Insider trading has long been a contentious issue in finance, with compliance, legal, and ethical implications that continue to evolve. There is currently an insider trading case going to trial, which could expand the definition of that term and add a new one to the Securities Law lexicon, “Shadow Insider Trading.”
According to the Wall Street Journal (WSJ), “The Securities and Exchange Commission now says he committed insider trading, even though he didn’t buy his employer’s stock and didn’t have inside information about the company he bet on.” That person was Matthew Panuwat, an employee of Medivation, who traded in a similar company, Insight, based on non-public information about Medivation’s potential acquisition by Pfizer. This case, which involves what is known as shadow insider trading, is intriguing and sheds light on the changing landscape of insider trading regulations.
According to the WSJ, Congress has never defined insider trading, let alone shadow insider trading, leaving regulators and courts nationwide to decide what qualifies. “Defense lawyers have dubbed Panuwat’s case the first involving “shadow insider trading,” a label that describes executives making well-timed bets in the shares of other companies.” Of course, one person’s shadow insider trading can be seen as another person’s excellent research.
In this case, the SEC has taken a novel approach, arguing that employees have a general duty to avoid trading based on information learned through employment. Panuwat’s actions, although seemingly savvy, have raised questions about the boundaries of insider trading laws and the extent of an employee’s obligations to their employer. As Woody told the WSJ, “No court has ever tackled the idea that executives can go too far when they deploy their specialized knowledge or expertise to trade in the shares of rivals.”
In a recent episode of Everything Compliance, Karen Woody, a prominent figure in the discussion of insider trading laws, highlighted the complexities involved in regulating and training employees. (She was also cited in the WSJ article.) The challenges lie in ensuring employees understand the importance of confidentiality and ethical standards in their trading practices. The need for clarity and regulation in securities law becomes apparent when cases arise, where the lines between legal and illegal trading practices can become blurred.
The SEC says, “Two facts about Panuwat’s trading show it was illegal. First, his employer, Medivation, had a policy that forbade trading other companies’ shares when employees had material, non-public information about Medivation. And second, Panuwat traded on his work computer just seven minutes after he allegedly learned that Pfizer would buy his company.” Additionally, “His purchase of Incyte options netted Panuwat $120,000, according to a recent SEC court filing. Court records show he sold some of the contracts just days after buying them. He sold others weeks later and lost money on those but still earned a profit overall.
This case has implications for this CA insider trading liability. The SEC’s pursuit of Panuwat sets a precedent that could affect how insider trading is perceived and regulated. The case underscores the significance of upholding ethical standards and maintaining trust in the financial markets.

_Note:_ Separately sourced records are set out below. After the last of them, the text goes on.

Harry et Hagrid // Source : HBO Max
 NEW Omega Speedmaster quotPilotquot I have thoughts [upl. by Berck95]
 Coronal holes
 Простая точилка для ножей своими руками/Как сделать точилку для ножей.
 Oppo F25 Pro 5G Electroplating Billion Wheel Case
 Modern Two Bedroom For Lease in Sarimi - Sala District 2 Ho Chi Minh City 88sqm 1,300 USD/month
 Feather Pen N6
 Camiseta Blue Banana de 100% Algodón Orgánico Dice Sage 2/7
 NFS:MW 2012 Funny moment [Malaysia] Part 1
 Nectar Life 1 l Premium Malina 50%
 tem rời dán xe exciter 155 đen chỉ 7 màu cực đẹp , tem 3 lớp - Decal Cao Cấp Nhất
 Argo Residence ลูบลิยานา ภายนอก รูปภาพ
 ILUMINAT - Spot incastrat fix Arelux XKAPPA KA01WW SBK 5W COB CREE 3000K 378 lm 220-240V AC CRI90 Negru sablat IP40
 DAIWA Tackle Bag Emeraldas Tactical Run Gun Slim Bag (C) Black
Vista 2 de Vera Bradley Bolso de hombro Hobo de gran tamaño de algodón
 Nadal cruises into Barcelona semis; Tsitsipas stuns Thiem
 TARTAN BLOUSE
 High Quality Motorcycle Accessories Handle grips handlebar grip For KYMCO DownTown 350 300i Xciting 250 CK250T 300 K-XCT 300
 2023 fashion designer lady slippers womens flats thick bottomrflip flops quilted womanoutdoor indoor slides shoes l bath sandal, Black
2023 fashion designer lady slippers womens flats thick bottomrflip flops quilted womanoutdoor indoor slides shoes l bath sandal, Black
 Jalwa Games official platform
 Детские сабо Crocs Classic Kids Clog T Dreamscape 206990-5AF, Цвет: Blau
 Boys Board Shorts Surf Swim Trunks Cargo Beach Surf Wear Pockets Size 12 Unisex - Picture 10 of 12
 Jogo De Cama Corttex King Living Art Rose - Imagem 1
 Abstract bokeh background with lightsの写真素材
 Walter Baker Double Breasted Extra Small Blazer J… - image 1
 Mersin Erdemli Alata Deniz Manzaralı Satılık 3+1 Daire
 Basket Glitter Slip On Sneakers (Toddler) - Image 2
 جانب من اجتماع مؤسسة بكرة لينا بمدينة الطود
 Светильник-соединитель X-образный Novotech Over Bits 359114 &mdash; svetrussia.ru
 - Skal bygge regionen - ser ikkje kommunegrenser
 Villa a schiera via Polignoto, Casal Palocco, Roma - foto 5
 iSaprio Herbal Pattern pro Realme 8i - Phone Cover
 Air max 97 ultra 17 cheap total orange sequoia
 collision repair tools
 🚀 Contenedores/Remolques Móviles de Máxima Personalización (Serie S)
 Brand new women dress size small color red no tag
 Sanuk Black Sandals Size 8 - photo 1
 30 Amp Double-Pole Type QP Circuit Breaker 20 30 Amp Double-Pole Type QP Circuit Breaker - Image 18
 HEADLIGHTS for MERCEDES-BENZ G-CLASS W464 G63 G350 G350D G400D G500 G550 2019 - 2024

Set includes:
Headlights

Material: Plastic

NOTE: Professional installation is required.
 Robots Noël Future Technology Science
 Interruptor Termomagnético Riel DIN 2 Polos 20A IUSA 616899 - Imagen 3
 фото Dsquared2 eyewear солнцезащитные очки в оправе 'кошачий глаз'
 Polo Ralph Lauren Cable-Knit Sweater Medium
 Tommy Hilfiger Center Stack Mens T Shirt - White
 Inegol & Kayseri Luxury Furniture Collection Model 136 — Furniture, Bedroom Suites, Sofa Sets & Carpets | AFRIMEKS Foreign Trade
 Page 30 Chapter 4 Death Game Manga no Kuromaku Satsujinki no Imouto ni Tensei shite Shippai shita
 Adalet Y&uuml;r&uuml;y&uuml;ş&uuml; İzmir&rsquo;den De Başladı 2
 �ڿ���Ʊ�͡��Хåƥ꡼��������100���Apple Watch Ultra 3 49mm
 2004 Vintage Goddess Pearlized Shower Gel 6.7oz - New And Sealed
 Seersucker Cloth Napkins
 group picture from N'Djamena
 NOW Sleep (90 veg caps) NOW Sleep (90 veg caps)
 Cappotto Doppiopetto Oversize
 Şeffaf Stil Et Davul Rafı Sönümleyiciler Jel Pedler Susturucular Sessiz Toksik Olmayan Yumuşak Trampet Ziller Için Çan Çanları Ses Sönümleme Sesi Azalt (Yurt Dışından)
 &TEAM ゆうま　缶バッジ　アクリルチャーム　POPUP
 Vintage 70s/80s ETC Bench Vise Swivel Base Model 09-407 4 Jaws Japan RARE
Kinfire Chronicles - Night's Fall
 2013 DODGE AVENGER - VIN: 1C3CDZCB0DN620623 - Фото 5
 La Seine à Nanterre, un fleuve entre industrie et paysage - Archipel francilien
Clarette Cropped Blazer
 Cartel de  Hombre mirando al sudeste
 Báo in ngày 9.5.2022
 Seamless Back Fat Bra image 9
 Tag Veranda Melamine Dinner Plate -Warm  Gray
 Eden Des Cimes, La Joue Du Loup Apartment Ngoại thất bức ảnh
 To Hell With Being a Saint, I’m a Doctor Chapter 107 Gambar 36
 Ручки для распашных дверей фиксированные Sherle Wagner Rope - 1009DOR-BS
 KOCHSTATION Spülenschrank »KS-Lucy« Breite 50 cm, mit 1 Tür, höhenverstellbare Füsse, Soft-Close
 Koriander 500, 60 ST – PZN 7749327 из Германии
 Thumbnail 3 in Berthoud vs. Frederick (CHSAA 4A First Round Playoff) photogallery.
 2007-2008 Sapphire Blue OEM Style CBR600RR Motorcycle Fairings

There are complexities to insider trading laws, and while some aspects may seem fundamentally flawed, they are still legal for various reasons. The intricacies of insider trading regulations demonstrate the need for a nuanced understanding of the law and its implications. For the compliance professional, however, it means not simply understanding the laws but what can prevent such claims from arising in your organization.
In the Morrison Foerster blog Takeaways for In-House Counsel from the SEC’s “Shadow Insider Trading” Action, the authors note there are several corporate governance considerations and actions a company should take, including:
- A review of insider trading policy annually and modify it as appropriate considering new regulations, case law, and corporate governance trends.
- Revise training to include shadow insider trading and ensure everyone receives the training in the age of more excellent workforce transitions.
- Tighten language in your insider trading policy.
- Create proper processes to monitor potential violations and enforce the full scope of such policy.
- You may well need to consider the competitive landscape of its industry in drafting its insider trading policy, especially if the policy prohibits trading in stock of other public companies under certain circumstances.
In a Star Compliance blog post, they suggest adding tech solutions to help detect any such shadow insider trading schemes. These include the implementation of Sector Surveillance to Capture Shadow Trading Scenarios by using Market-data technologies to monitor:
- Individual issuer securities;
- Derivative securities; and
- Sector-specific/non-diversified/non-broad-based funds that are both sector- and employee-specific.
You might also use basic due diligence information, such as business entities, individual securities, industry sectors, and economic activities—as data points or hooks to facilitate employee trade surveillance for shadow trading; all are widely accepted data protocols for tagging companies. They conclude, “Shadow trading adds greater complexity to discovering insider trades, but identification is possible. Additional due diligence on the part of compliance teams is required, and compliance tech can (and really must) be a part of that enhanced due diligence process.”
The case of Matthew Panuwat and the SEC’s pursuit of insider trading allegations against him serve as a reminder of the importance of upholding compliance requirements, ethical standards, and legal obligations in financial services. As the landscape of insider trading regulations continues to evolve, individuals and organizations must navigate these complexities with transparency, integrity, and a commitment to ethical conduct. For the compliance professional, it means assessing this new risk, putting together a risk management strategy and implementing it, monitoring the results, and remediating any deficiencies in the future.